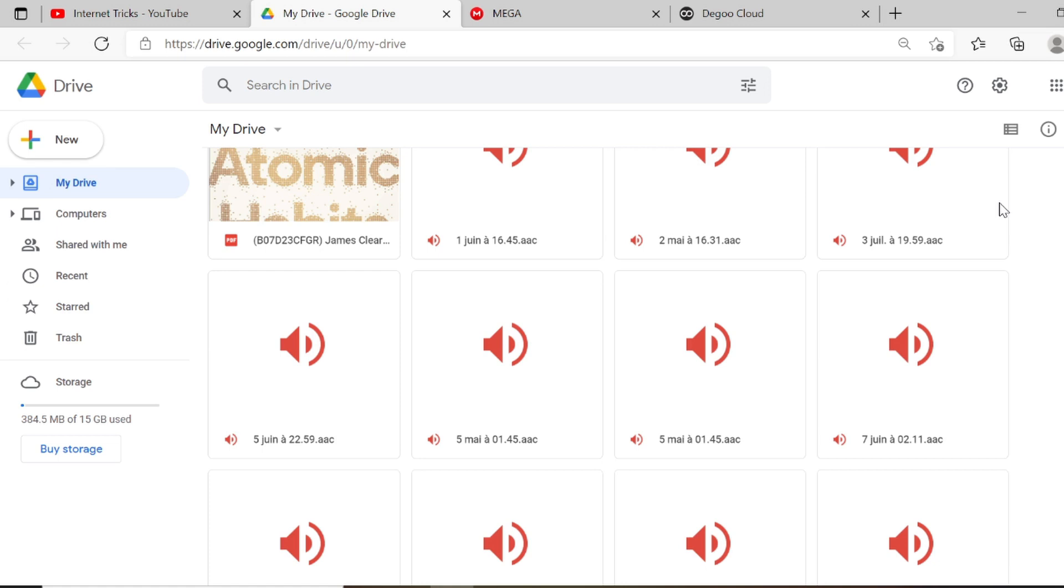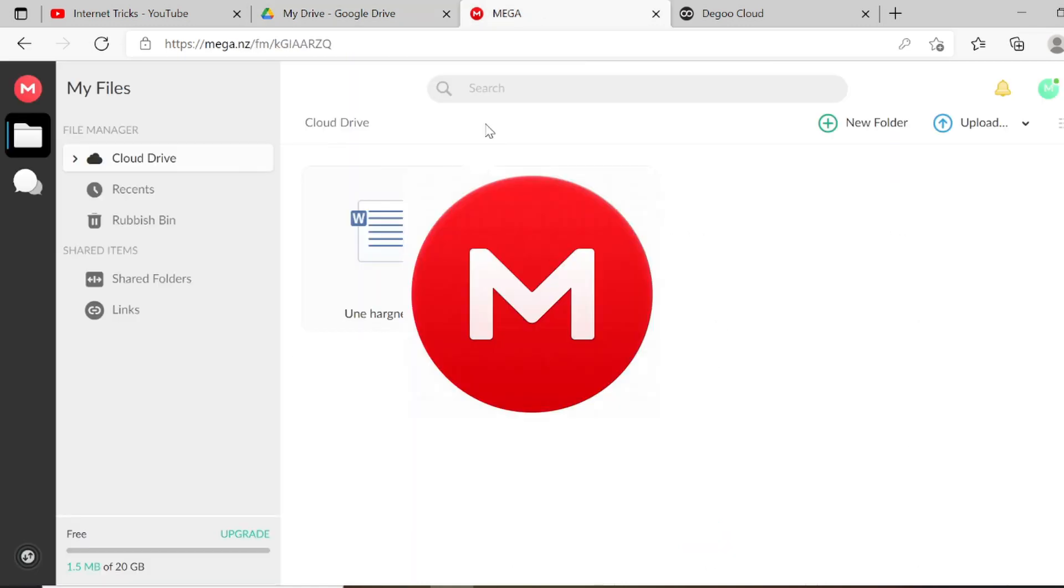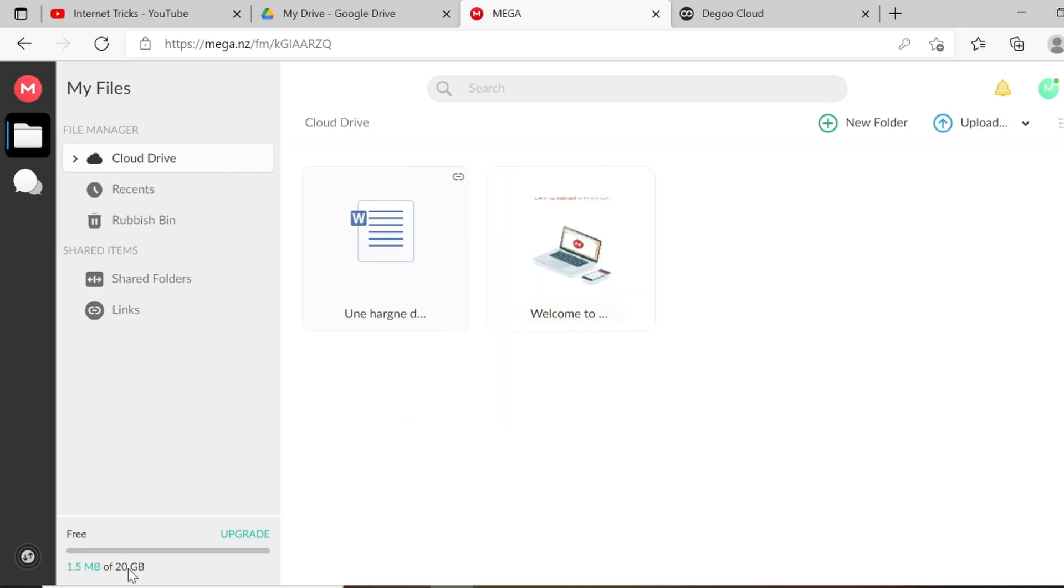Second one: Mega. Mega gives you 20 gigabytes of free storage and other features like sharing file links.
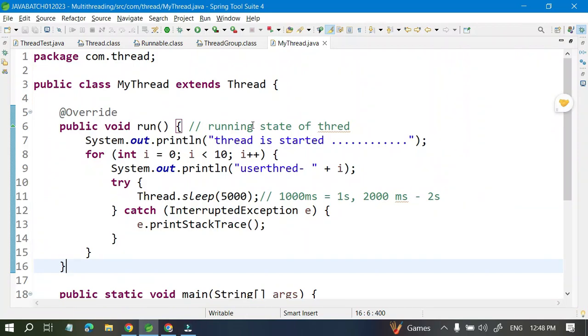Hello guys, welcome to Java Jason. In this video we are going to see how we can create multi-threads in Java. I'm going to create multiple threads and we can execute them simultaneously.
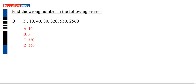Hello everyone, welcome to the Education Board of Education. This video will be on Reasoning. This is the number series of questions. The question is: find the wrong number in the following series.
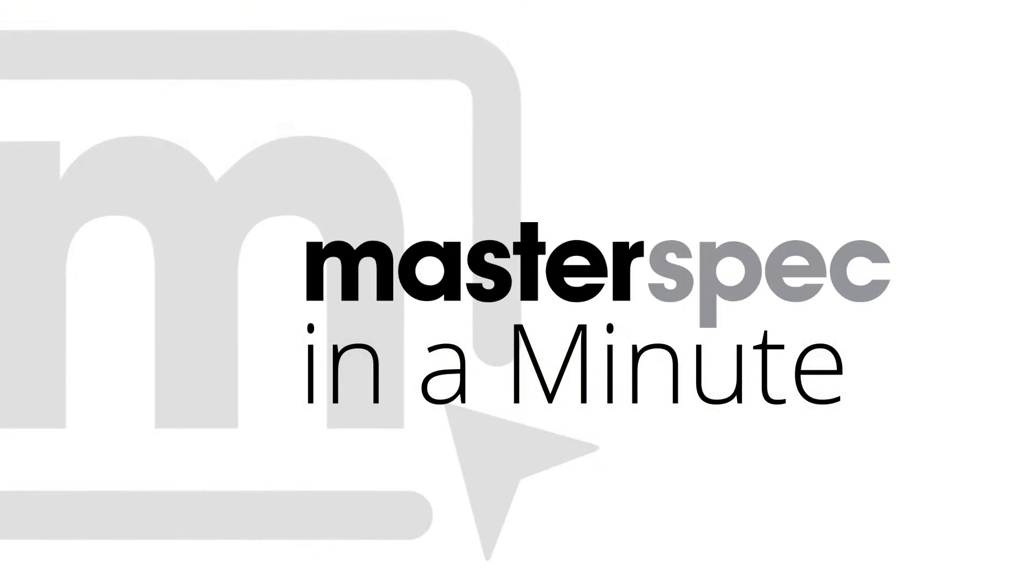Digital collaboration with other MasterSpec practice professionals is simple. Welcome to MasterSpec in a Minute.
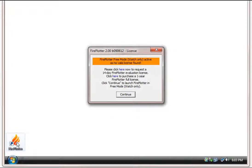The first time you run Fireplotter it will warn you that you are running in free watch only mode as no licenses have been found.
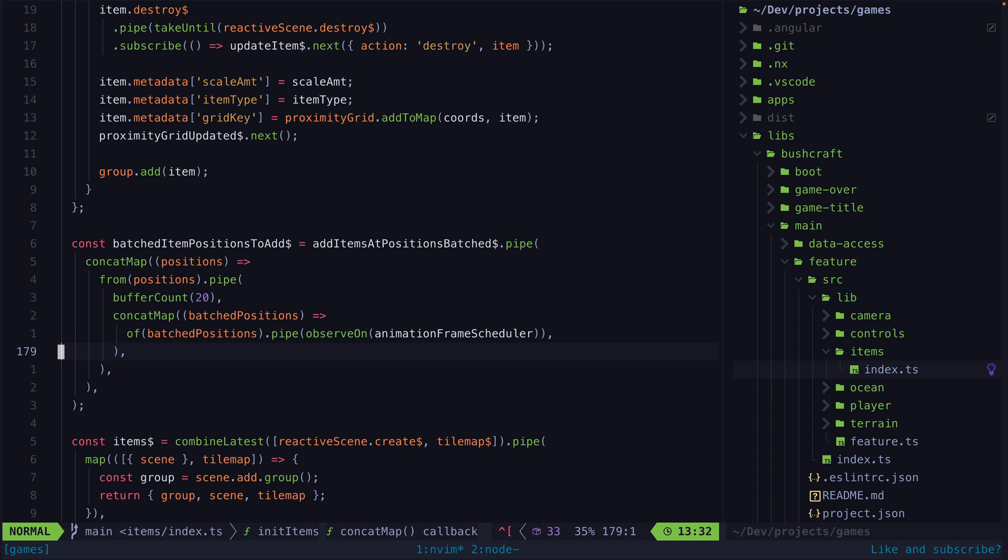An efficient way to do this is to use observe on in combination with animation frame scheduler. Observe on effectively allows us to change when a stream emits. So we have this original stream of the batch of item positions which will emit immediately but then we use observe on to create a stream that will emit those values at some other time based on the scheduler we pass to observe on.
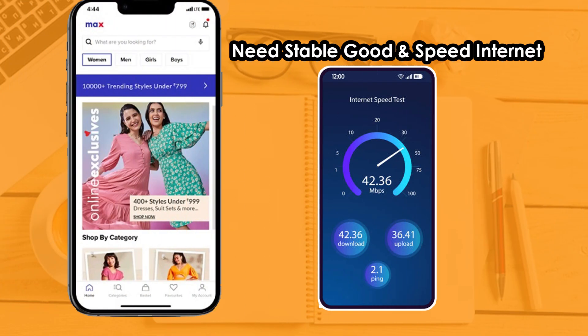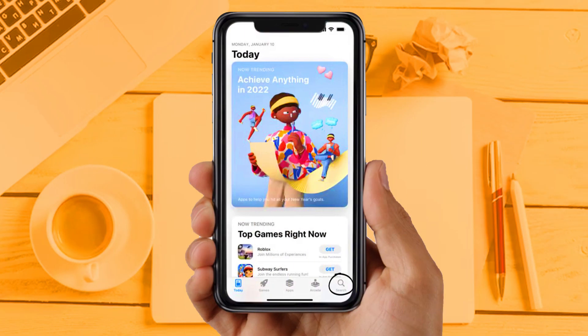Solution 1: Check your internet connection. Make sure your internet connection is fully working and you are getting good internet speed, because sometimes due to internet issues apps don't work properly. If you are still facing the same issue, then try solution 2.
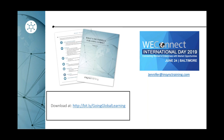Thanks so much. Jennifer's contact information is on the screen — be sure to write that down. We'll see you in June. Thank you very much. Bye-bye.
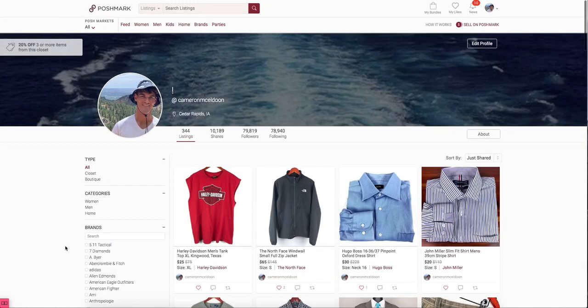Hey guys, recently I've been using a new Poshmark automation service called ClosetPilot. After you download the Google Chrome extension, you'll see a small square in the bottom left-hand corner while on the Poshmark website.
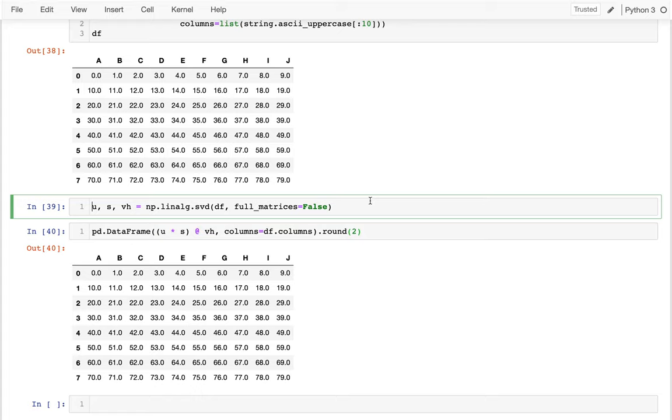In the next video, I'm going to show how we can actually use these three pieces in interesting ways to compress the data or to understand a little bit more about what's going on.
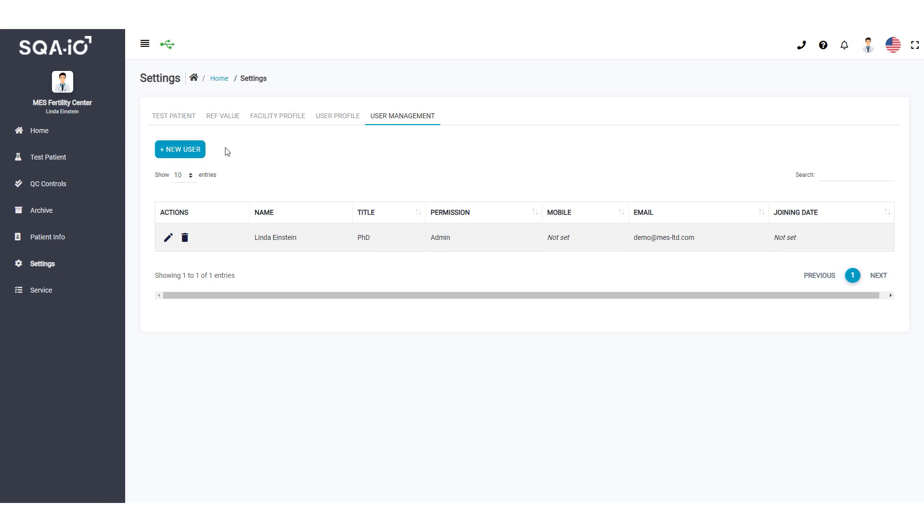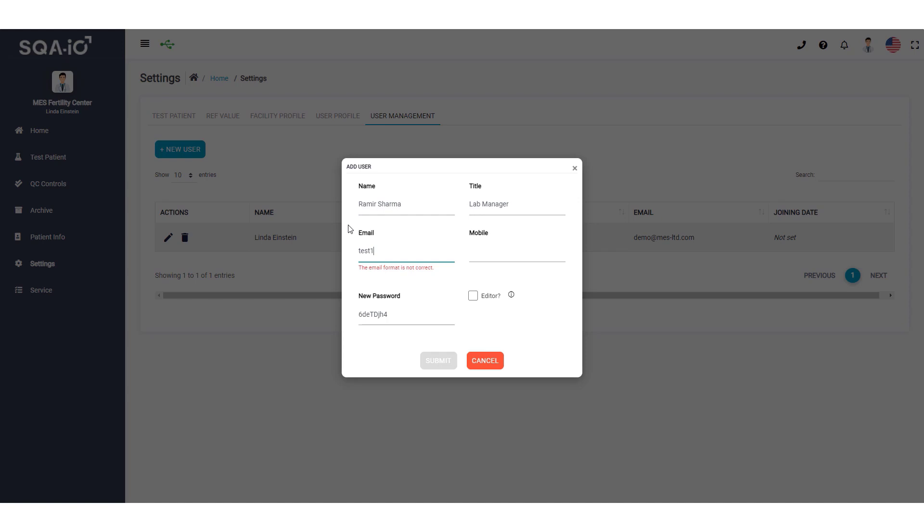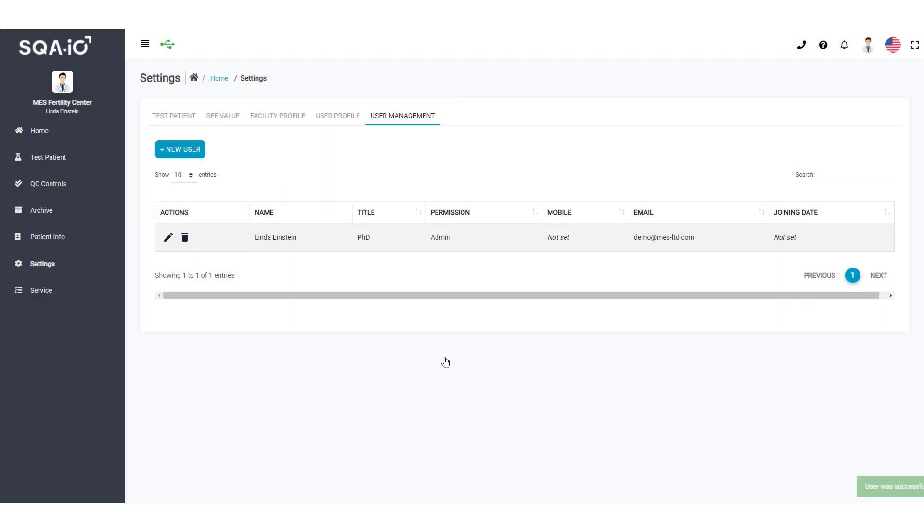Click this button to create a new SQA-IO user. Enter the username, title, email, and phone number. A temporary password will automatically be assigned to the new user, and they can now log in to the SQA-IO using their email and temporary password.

-----

**DIRECTIONS**.
Give again, word for word, every line from the top of the data through the line with "Solution 1: Check", both ends included, and exclude the pictures.

**RESULT OF THE EXERCISE**.
Second one: Mega. Mega gives you 20 gigabytes of free storage and other features like sharing file links.
Hello guys, welcome to Java Jason. In this video we are going to see how we can create multi-threads in Java. I'm going to create multiple threads and we can execute them simultaneously.
Hello everyone, welcome to the Education Board of Education. This video will be on Reasoning. This is the number series of questions. The question is: find the wrong number in the following series.
Digital collaboration with other MasterSpec practice professionals is simple. Welcome to MasterSpec in a Minute.
The first time you run Fireplotter it will warn you that you are running in free watch only mode as no licenses have been found.
An efficient way to do this is to use observe on in combination with animation frame scheduler. Observe on effectively allows us to change when a stream emits. So we have this original stream of the batch of item positions which will emit immediately but then we use observe on to create a stream that will emit those values at some other time based on the scheduler we pass to observe on.
Solution 1: Check your internet connection. Make sure your internet connection is fully working and you are getting good internet speed, because sometimes due to internet issues apps don't work properly. If you are still facing the same issue, then try solution 2.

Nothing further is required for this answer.